De rechtbank heeft voorts terecht overwogen dat dit ook geldt voor de omstandigheid dat verlaging van de betreffende delen van de erfafscheiding, naar appellante heeft gesteld, hoge kosten met zich brengt.
2.6. De conclusie is dat de rechtbank het inleidende beroep terecht ongegrond heeft verklaard.
2.7. De Voorzitter is van oordeel dat in dit geval nader onderzoek niet kan bijdragen aan de beoordeling van de zaak en dat ook overigens geen beletsel bestaat om met toepassing van artikel 8:86, eerste lid, van de Algemene wet bestuursrecht onmiddellijk uitspraak te doen in de hoofdzaak.
2.8. Het hoger beroep is ongegrond. De aangevallen uitspraak dient te worden bevestigd.

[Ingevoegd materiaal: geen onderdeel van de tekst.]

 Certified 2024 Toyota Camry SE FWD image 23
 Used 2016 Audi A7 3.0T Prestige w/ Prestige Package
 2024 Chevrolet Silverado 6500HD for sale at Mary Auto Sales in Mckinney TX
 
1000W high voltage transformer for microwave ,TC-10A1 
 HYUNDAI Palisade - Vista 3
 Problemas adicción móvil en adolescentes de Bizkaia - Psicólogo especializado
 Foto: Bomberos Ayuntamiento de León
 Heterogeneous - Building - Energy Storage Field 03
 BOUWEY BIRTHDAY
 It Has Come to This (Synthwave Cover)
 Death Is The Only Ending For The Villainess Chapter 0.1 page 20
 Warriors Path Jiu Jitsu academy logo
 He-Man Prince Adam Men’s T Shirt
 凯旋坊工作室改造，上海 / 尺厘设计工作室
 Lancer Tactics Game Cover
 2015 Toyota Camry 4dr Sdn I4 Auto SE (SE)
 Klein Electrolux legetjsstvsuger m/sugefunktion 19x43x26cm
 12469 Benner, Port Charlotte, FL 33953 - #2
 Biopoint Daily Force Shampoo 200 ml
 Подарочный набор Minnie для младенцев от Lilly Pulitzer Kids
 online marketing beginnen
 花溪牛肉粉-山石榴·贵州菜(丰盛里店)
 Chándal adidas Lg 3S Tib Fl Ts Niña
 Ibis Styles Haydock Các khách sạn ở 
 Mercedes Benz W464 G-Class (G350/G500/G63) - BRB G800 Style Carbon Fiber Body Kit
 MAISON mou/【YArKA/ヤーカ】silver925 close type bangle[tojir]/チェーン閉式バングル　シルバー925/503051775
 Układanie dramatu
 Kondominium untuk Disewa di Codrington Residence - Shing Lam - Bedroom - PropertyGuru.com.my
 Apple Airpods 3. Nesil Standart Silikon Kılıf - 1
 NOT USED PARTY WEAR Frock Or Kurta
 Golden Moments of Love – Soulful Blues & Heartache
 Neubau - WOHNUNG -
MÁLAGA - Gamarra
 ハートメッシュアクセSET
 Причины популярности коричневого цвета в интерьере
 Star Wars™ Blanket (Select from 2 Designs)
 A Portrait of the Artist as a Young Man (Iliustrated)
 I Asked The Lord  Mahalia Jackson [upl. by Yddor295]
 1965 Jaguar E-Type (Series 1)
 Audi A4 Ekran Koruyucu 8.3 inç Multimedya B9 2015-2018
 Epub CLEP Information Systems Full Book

2.9. Gelet hierop, dient het verzoek om het treffen van een voorlopige voorziening te worden afgewezen.
2.10. Voor een proceskostenveroordeling bestaat geen aanleiding.
De Voorzitter van de Afdeling bestuursrechtspraak van de Raad van State
Recht doende in naam der Koningin:
I. bevestigt de aangevallen uitspraak;
II. wijst het verzoek af.
Aldus vastgesteld door mr. J.A.E. van der Does, als Voorzitter, in tegenwoordigheid van mr. E.D. Boer, ambtenaar van Staat.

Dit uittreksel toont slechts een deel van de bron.